*** Opening Supplied data ***
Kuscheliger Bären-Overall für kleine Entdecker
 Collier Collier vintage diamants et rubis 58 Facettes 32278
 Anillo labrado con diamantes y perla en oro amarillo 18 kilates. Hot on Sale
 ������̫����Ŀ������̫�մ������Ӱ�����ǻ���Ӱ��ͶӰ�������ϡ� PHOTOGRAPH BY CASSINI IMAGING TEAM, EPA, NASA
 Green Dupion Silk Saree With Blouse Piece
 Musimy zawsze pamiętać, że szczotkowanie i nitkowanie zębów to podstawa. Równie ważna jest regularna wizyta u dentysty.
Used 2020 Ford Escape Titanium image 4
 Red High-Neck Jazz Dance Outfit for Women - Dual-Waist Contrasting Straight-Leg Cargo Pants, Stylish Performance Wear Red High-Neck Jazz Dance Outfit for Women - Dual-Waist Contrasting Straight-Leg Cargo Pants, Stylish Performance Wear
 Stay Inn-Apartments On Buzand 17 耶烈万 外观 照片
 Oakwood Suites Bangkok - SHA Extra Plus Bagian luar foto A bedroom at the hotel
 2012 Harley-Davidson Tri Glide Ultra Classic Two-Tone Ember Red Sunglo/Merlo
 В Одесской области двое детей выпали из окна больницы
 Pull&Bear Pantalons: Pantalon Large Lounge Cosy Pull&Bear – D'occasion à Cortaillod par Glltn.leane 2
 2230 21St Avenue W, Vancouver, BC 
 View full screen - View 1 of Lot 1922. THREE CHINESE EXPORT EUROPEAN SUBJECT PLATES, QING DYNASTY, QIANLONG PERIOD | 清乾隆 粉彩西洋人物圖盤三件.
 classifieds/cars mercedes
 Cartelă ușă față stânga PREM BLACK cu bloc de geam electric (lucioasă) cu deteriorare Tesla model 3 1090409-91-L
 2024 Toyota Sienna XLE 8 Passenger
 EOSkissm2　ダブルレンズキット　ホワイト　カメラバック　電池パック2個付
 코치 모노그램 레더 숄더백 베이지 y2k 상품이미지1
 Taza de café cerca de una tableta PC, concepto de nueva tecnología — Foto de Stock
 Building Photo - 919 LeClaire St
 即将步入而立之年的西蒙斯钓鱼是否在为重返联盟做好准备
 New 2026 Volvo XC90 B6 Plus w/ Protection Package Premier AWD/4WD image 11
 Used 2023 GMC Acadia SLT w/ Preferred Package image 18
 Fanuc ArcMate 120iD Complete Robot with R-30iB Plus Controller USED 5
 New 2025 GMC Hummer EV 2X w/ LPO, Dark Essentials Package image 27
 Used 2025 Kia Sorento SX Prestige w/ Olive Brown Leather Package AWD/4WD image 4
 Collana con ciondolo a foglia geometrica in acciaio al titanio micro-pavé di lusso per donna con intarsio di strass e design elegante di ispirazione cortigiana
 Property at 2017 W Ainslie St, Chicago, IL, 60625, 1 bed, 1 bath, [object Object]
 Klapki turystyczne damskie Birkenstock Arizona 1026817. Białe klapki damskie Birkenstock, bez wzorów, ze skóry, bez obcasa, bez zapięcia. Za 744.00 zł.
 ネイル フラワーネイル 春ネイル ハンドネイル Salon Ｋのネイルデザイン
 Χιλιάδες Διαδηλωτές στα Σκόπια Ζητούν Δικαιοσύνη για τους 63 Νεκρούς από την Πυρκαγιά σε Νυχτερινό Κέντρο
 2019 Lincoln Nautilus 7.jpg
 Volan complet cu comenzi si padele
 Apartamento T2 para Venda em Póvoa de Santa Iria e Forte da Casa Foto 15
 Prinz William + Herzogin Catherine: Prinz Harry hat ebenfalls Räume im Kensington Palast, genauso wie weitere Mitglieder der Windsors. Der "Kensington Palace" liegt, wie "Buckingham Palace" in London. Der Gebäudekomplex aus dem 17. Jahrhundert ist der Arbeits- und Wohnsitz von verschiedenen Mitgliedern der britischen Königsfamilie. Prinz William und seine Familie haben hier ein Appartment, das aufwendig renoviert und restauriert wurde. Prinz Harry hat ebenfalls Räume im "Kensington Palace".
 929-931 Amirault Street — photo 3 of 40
*** Closing Supplied data ***
### Work instructions
Apply a filter for "image" to the data above, then copy each line that matches.

### Reply to the exercise
Used 2020 Ford Escape Titanium image 4
 New 2026 Volvo XC90 B6 Plus w/ Protection Package Premier AWD/4WD image 11
 Used 2023 GMC Acadia SLT w/ Preferred Package image 18
 New 2025 GMC Hummer EV 2X w/ LPO, Dark Essentials Package image 27
 Used 2025 Kia Sorento SX Prestige w/ Olive Brown Leather Package AWD/4WD image 4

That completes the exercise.